It feels quite uncomfortable that cloudflare is somewhat openly admitting to analysing login credentials that are going through the reverse proxy, and providing aggregated stats on it (without explicit consent of the user it appears?)
Based on Cloudflare's observed traffic between September - November 2024, 41% of successful logins across websites protected by Cloudflare involve compromised passwords.
Don't get me wrong the results are actually pretty interesting, but I just cannot think of a ethical way of doing this, and it feels kind of jarring that they just "did that"
https://blog.cloudflare.com/password-reuse-rampant-half-user-logins-compromised/
@benjojo This is a thing you have to flick on in the WAF dashboard, it doesn’t happen automatically.
@privateger One of the throwaway test domains I have appears to have "Account abuse detection" enabled on it, at least according to the analytics, I have not opted into such scanning, and this is a free plan domain. I think they enabled it for a free users by default?
@benjojo doesn't this go directly to stats collected for maintenance and operation of the system? I though that was exempted under GDPR.
@mark I don't think this is a GDPR concern, but I am not a lawyer, I am suggesting that a very widely deployed reverse proxy seemingly out of the blue suddenly actively doing analysis of the login credentials passing through it does not provoke very good feelings
@benjojo Oooh, interesting. Can you check the WAF settings on a free account?
@privateger Seems to be yeah, I can load up the dashboard area, I will admit it's been a very long time since I've been in this area of the CF dash (or really in the CF dash at all), I spent maybe 3 years in it when I wrote a lot of the cloudflare WAF from 2015 to 2017 (ish) :)
@benjojo hold the fuck up, does that mean they collect usernames and plaintext passwords?!
Because how else would they know the passwords were compromised?

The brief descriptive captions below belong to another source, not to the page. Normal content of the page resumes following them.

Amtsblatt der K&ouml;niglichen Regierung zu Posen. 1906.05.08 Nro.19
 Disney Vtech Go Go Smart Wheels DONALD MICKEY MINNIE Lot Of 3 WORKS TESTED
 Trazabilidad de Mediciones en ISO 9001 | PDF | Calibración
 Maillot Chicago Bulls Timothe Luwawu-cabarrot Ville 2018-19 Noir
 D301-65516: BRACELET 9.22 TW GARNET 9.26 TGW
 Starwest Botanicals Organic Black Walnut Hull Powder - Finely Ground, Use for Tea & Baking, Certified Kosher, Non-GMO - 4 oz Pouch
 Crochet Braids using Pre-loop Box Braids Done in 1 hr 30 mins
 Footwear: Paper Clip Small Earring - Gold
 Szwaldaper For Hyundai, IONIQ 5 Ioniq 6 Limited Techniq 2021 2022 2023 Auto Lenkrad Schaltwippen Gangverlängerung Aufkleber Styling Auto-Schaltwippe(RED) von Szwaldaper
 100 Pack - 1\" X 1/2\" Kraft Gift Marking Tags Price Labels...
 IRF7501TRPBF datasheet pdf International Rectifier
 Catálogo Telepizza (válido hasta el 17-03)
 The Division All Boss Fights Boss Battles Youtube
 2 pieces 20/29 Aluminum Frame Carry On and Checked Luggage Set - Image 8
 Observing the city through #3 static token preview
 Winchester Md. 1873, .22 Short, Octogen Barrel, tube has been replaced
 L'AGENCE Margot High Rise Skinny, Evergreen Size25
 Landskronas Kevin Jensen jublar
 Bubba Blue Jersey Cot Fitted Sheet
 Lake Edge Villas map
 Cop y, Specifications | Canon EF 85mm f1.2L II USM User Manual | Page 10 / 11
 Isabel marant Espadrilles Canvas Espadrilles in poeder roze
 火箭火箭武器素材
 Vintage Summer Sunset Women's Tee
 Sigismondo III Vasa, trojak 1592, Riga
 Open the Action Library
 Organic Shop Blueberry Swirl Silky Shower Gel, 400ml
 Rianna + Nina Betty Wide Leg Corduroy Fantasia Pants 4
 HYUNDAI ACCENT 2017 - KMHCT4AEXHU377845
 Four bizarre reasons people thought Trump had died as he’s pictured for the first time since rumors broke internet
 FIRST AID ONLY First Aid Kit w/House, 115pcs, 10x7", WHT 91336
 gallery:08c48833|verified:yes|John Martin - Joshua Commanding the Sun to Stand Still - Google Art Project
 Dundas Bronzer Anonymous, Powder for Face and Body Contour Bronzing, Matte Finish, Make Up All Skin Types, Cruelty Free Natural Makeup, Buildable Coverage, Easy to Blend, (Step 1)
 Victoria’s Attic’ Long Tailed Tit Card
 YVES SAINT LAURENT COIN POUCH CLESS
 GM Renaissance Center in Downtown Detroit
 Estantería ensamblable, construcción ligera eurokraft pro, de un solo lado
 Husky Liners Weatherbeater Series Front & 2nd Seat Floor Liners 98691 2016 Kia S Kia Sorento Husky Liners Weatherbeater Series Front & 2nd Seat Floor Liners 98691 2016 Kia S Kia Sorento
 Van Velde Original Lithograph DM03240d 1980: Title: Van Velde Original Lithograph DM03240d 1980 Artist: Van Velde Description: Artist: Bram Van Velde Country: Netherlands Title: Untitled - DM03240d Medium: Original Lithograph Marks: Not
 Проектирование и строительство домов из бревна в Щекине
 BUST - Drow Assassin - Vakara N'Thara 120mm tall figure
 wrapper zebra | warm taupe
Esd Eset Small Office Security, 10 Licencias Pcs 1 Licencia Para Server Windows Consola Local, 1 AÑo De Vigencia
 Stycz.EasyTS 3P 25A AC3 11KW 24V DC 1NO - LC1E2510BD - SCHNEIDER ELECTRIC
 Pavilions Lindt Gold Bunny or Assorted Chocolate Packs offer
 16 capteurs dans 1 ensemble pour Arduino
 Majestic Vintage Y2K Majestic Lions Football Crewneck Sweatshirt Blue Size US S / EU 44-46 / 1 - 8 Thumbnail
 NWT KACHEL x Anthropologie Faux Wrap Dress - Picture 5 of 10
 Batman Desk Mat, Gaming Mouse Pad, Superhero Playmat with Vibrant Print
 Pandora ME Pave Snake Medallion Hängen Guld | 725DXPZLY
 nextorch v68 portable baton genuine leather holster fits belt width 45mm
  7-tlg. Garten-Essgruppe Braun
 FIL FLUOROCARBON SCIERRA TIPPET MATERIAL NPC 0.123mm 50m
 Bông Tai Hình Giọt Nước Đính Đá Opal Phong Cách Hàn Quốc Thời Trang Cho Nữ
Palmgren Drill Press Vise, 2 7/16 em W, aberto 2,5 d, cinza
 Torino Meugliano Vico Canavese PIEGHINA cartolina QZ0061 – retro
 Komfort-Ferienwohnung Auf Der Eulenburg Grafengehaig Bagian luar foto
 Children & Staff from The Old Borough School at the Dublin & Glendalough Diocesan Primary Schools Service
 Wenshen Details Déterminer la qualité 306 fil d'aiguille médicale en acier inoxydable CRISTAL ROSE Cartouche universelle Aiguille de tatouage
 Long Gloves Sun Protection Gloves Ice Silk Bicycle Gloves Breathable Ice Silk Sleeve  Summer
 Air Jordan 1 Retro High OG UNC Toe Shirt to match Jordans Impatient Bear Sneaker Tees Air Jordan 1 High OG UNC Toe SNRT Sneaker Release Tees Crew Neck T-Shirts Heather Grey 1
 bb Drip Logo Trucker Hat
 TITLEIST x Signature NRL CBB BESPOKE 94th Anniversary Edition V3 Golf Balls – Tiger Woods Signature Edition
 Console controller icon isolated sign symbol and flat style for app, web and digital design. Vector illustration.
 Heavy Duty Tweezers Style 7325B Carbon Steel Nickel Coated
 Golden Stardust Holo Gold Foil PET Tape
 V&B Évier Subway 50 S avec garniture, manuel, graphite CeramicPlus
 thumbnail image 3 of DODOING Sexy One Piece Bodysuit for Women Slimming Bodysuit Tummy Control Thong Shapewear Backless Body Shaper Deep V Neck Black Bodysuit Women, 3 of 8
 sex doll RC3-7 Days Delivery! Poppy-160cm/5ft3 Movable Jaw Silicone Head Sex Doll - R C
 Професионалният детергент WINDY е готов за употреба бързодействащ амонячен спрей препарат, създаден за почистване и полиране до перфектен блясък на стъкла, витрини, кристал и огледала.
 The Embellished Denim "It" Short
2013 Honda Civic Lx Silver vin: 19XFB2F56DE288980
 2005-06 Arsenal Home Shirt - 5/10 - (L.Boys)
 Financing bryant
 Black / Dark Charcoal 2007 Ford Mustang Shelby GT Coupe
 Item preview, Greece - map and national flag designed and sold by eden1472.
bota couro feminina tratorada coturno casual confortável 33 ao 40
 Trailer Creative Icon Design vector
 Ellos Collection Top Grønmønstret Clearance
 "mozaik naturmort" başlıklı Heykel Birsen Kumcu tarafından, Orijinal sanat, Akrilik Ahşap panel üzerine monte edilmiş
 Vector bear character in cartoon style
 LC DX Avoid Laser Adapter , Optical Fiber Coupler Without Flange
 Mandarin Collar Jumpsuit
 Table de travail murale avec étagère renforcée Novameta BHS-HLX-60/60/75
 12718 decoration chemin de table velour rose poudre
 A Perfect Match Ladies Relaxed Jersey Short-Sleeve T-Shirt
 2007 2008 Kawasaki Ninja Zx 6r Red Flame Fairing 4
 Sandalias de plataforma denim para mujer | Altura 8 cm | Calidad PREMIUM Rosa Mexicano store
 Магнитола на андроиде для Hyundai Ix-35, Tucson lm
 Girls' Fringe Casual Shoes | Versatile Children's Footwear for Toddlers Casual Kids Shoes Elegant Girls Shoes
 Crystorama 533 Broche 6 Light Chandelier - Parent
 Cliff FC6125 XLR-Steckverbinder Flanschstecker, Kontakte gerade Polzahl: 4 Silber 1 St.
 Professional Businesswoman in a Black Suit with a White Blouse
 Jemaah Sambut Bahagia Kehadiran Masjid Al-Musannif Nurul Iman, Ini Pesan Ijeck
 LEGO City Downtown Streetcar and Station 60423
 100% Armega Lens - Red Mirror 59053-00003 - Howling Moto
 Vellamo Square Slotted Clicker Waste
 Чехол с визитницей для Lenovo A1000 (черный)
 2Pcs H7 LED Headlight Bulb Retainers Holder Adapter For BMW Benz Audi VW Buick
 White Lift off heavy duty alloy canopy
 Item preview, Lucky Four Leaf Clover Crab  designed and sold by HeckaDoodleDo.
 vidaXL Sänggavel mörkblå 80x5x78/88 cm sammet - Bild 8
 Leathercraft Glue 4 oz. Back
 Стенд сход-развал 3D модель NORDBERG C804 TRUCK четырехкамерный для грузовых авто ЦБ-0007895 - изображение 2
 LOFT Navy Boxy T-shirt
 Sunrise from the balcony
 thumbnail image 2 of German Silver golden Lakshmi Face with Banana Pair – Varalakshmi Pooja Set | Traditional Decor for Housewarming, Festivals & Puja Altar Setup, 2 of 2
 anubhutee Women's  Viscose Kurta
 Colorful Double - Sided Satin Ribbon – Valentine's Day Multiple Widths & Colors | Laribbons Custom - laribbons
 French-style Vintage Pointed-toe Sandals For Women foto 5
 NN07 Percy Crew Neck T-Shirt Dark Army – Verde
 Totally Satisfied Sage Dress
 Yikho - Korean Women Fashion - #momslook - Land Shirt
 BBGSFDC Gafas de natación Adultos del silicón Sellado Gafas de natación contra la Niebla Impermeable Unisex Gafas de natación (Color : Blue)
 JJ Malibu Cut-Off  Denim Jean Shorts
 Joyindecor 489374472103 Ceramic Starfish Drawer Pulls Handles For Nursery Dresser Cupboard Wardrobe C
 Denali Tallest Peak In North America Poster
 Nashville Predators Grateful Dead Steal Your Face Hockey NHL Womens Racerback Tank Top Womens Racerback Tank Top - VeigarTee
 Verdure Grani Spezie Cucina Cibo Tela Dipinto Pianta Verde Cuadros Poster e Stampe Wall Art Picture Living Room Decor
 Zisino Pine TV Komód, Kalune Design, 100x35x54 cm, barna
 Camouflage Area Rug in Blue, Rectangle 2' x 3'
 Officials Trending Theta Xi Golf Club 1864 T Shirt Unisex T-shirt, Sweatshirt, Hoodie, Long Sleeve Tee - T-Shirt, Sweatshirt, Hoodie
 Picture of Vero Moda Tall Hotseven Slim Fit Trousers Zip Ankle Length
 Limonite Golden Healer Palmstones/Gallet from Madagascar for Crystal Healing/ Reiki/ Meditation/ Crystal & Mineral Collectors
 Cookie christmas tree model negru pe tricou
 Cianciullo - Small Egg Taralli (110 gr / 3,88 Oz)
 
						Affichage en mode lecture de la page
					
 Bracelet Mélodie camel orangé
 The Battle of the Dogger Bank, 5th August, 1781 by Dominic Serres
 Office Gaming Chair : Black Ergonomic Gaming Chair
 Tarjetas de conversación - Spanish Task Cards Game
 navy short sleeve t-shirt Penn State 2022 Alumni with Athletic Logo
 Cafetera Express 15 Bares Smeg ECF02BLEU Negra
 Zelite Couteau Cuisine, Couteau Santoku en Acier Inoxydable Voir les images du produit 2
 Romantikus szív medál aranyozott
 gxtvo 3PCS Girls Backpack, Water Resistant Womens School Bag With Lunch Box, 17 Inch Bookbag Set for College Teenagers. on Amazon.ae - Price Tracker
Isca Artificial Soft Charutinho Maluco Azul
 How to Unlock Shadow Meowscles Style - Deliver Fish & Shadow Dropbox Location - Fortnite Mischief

@amberage to the best of my understanding they have code that:
1) Looks in POST parameters for things that looks like login credentials
2) Runs the password over something that looks like a bloom filter
3) Adds a header to the request (on it's way to the actual server) to tell it that the password is known to be compromised, and I guess they increment some counter on their backend analytics.
If they are recording the username/password into their infra, that would be completely insane and probably a very fast destruction to their business. I would assume they are not doing that.
@benjojo that sounds much more reasonable, but also, this is "willingly hosts nazi forums and doxxing websites" Cloudflare, so I am extending absolutely zero good faith or trust towards them.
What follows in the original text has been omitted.